--- Study material ---

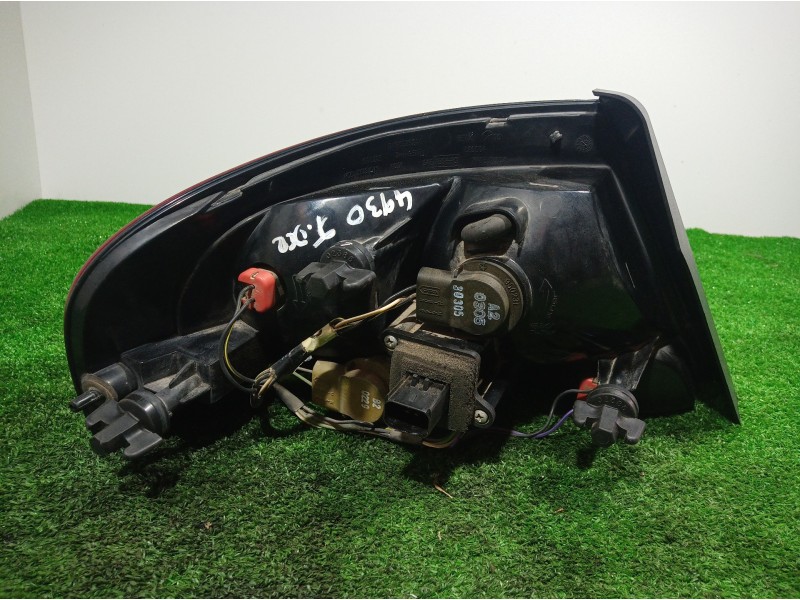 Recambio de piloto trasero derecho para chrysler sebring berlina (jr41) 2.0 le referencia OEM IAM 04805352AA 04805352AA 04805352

---
--- Study material ---

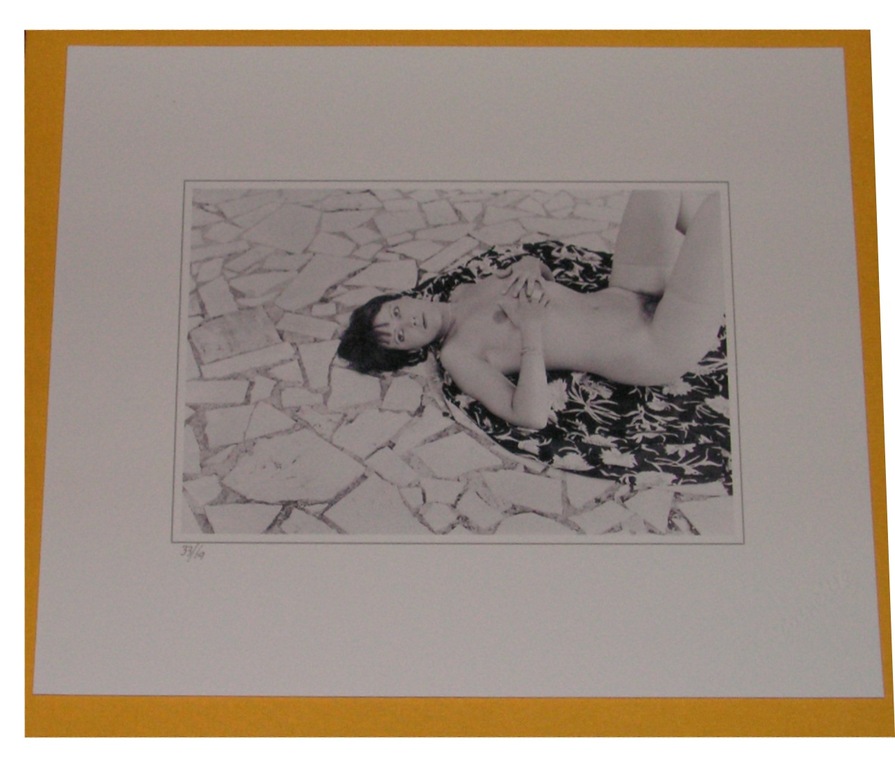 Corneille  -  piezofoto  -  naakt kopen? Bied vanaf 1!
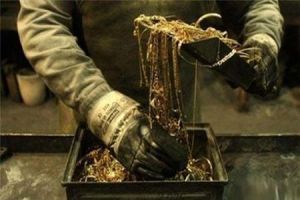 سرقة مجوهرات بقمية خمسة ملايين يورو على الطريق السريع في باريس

---
--- Study material ---

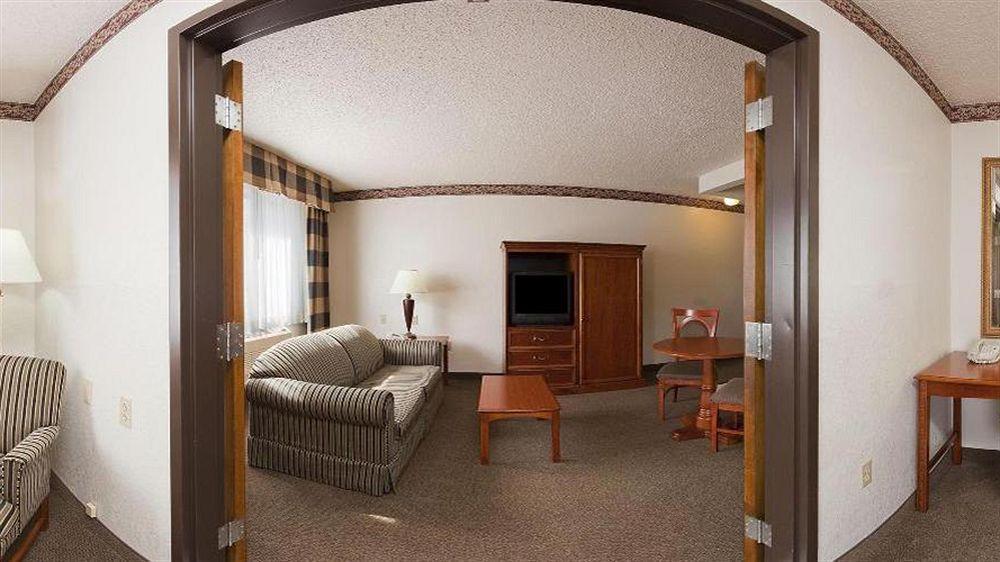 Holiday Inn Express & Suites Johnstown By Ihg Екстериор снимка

---

What the task requires: From the records above, copy only the lines running from the line containing "Bied vanaf 1!" to the line containing "سرقة مجوهرات بقمية", both ends included. Leave the pictures out.

Response:
 Corneille  -  piezofoto  -  naakt kopen? Bied vanaf 1!
 سرقة مجوهرات بقمية خمسة ملايين يورو على الطريق السريع في باريس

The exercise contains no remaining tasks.